[Directions for this task]
There is material below. Print exactly the lines starting at the line with "Fototapeta premium A" and ending at the line with "Proces przesłania faktury", ends included, and no others.

[Data for the task]
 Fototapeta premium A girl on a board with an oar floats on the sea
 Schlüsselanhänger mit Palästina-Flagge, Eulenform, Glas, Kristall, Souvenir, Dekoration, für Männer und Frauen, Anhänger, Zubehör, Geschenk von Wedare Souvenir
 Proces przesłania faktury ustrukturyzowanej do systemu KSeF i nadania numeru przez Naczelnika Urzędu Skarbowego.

--

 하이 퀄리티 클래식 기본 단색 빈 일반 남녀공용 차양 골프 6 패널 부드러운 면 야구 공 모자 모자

--

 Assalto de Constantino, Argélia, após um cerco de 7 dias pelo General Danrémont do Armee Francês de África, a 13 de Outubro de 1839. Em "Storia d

[Exercise answer]
 Fototapeta premium A girl on a board with an oar floats on the sea
 Schlüsselanhänger mit Palästina-Flagge, Eulenform, Glas, Kristall, Souvenir, Dekoration, für Männer und Frauen, Anhänger, Zubehör, Geschenk von Wedare Souvenir
 Proces przesłania faktury ustrukturyzowanej do systemu KSeF i nadania numeru przez Naczelnika Urzędu Skarbowego.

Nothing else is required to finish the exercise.